Toqué las cáscaras de pintura color canela que hacía mucho tiempo habían sido la superficie lisa de la fachada, y entre mis dedos quedaron hilos de madera. La casa al final del camino de tezontle era si acaso de diez metros cuadrados; tenía una ventana limpia y una puerta de manija dorada resplandeciendo con la luz cálida de la mañana. Me asomé a la ventana haciendo cuenco con las manos. Alcancé a ver una cama. Sentada ahí, desnuda, había una mujer de cabello negro recogido en cola de caballo. Su nariz era respingada; su boca, de color grosella. Veía hacia el frente, es decir, de perfil hacia mí con las manos en el abdomen, como si estuviera resistiendo un cólico. Supuse que estaba afiebrada y que por eso necesitaba refrescarse desnuda. Giré la perilla y entré sin tocar la puerta.

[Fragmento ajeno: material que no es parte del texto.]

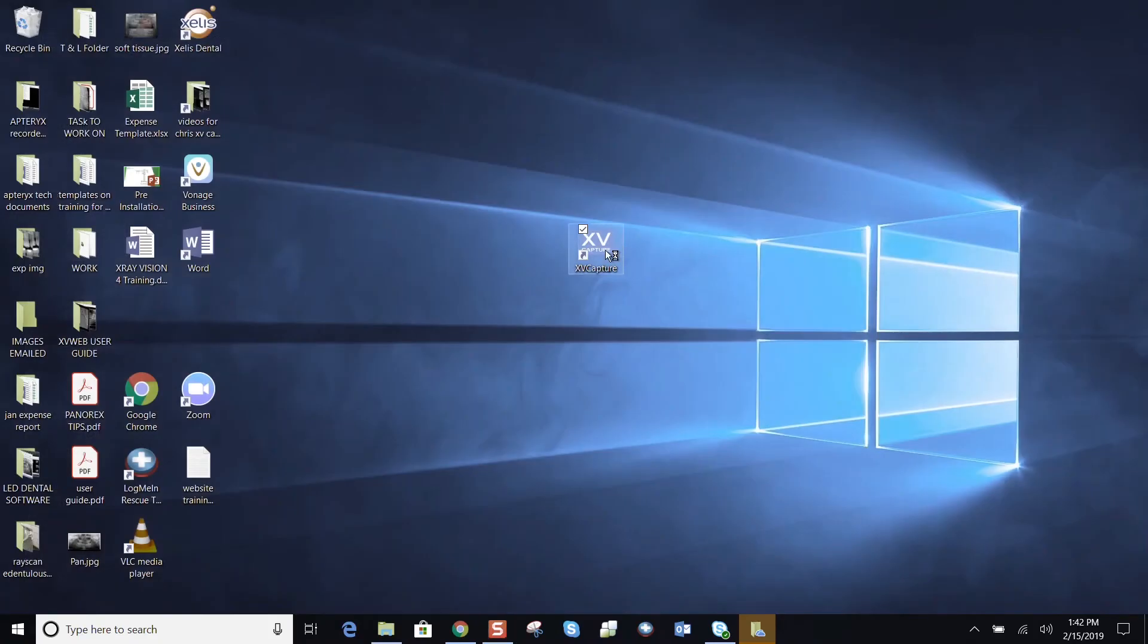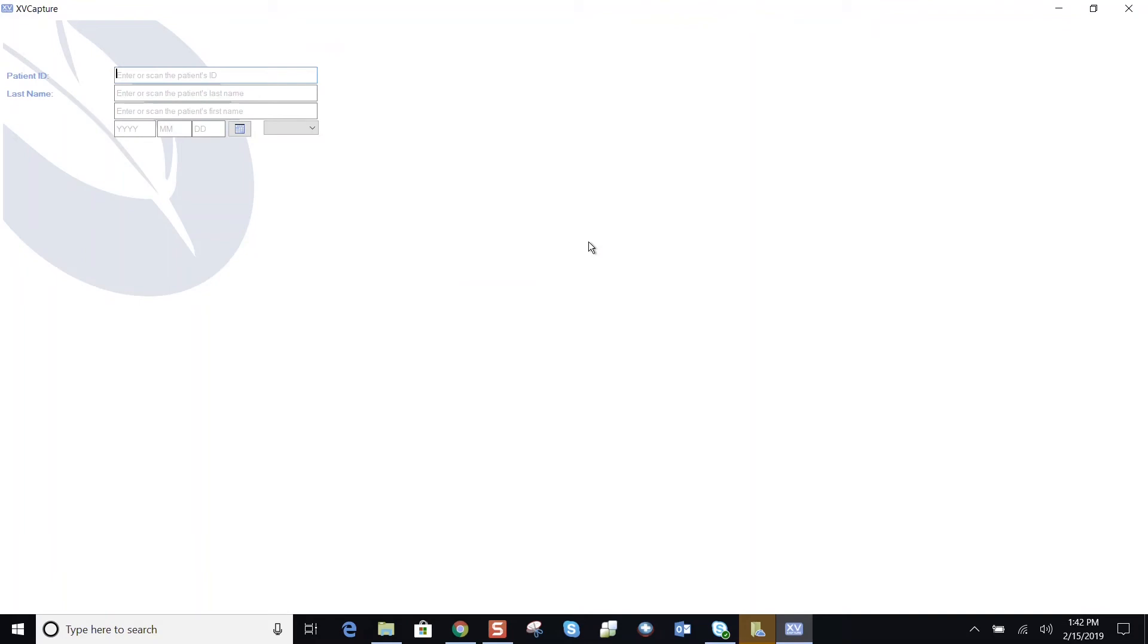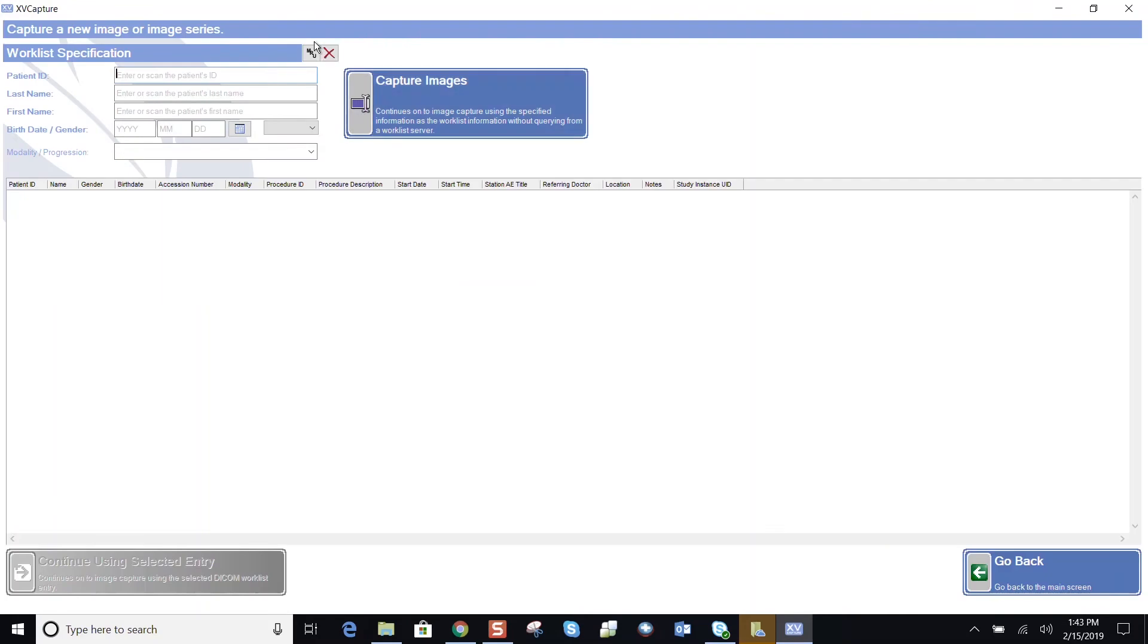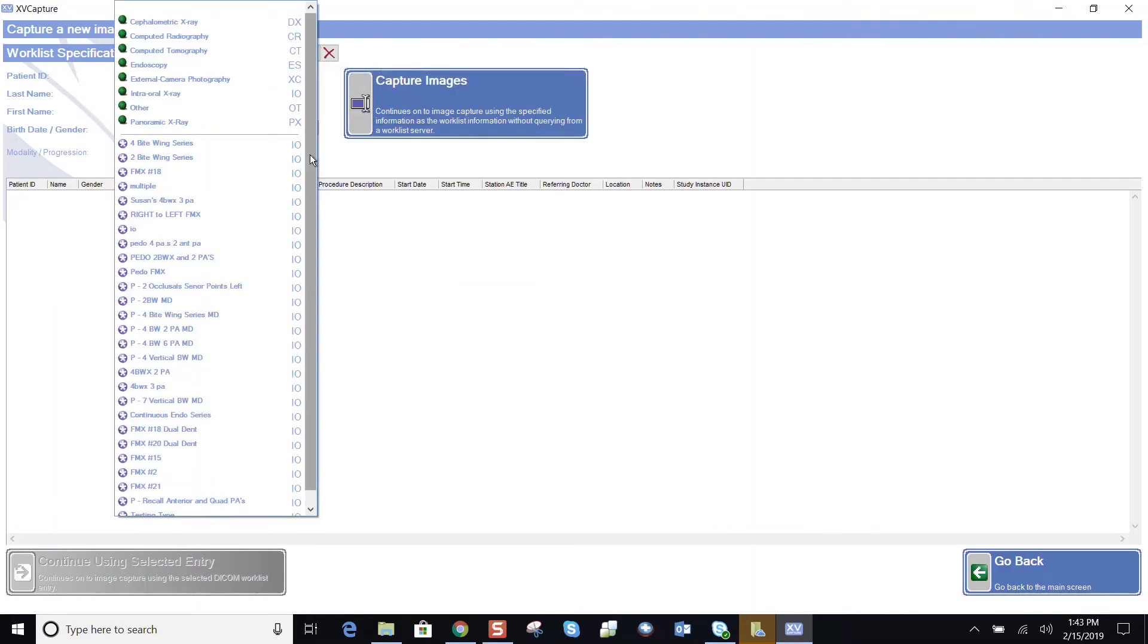And when I'm opening the software, and I'm in my capture mode, I should be able to find that layout easily. I have four bite wings and two PAs here.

Adentro olía ligeramente a alcanfor con naranja, a una naranja que hubiera estado demasiado tiempo encerrada en la casa. Me paré frente a la mujer. Su piel era tan lechosa que pude mirar la telaraña de venitas que se transparentaba en su hombro. Ahí le puse la mano. «¿Qué necesitas para levantarte de la cama y salir al sol?», le pregunté. No me contestó. Miré a donde ella lo hacía y noté bajo otra ventana, asoleada, una cocineta con tarja. Dentro de esta última había una maceta bajo el insistente goteo de la llave. Cada vez que caía una gota, estallaba en partículas brillantes. La mujer no le quitaba la vista de encima. Me acuclillé. Nuestras miradas se encontraron —en sus ojos no descubrí ninguna luz particular—, y olí su aliento. No era acre ni fresco. Olía a una sutileza pretérita, a algo disuelto con el tiempo, como si fuera vapor flotando sobre una piedra lisa. Intenté cargar a la mujer entre mis brazos, pero pesaba muchísimo, dos veces más del peso que aparentaba. «Sólo llévatela», me suplicó con voz suave, separándose de mí. Con la cabeza señaló la maceta. En ese momento noté que era una cuna de Moisés con una flor recién brotada.
Un minuto después recorría de regreso el camino de tezontle que me había llevado hasta allí desde mi casa. Las hojas de la cuna me acariciaban los brazos y pude oír, en medio del silencio de la mañana, que la casa comenzó a crujir a mis espaldas. Sin mirar atrás, imaginé que se venía abajo, junto con la mujer adentro. Jamás tomé nuevamente ese camino. La cuna de Moisés hasta hoy florece en mi ventana.